INSTRUCTIONS TO FOLLOW.
All lines of the following material must be written out exactly as they appear.

Segment Open

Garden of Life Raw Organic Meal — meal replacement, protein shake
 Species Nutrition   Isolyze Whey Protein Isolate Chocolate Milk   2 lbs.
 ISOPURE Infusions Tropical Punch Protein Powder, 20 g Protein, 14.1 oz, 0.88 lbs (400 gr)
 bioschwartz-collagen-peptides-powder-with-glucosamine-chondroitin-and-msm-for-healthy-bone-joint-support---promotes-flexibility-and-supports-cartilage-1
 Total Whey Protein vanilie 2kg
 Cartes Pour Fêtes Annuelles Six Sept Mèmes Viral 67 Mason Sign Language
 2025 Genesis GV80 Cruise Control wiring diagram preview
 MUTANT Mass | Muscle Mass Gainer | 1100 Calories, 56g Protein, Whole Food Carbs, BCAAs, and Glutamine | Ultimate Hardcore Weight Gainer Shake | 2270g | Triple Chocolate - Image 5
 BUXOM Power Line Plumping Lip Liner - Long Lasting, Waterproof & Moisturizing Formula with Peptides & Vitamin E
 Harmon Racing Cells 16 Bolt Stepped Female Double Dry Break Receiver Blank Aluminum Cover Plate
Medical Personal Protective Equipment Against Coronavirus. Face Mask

Segment Closed

PROBLEM SOLUTION.
Garden of Life Raw Organic Meal — meal replacement, protein shake
 Species Nutrition   Isolyze Whey Protein Isolate Chocolate Milk   2 lbs.
 ISOPURE Infusions Tropical Punch Protein Powder, 20 g Protein, 14.1 oz, 0.88 lbs (400 gr)
 bioschwartz-collagen-peptides-powder-with-glucosamine-chondroitin-and-msm-for-healthy-bone-joint-support---promotes-flexibility-and-supports-cartilage-1
 Total Whey Protein vanilie 2kg
 Cartes Pour Fêtes Annuelles Six Sept Mèmes Viral 67 Mason Sign Language
 2025 Genesis GV80 Cruise Control wiring diagram preview
 MUTANT Mass | Muscle Mass Gainer | 1100 Calories, 56g Protein, Whole Food Carbs, BCAAs, and Glutamine | Ultimate Hardcore Weight Gainer Shake | 2270g | Triple Chocolate - Image 5
 BUXOM Power Line Plumping Lip Liner - Long Lasting, Waterproof & Moisturizing Formula with Peptides & Vitamin E
 Harmon Racing Cells 16 Bolt Stepped Female Double Dry Break Receiver Blank Aluminum Cover Plate
Medical Personal Protective Equipment Against Coronavirus. Face Mask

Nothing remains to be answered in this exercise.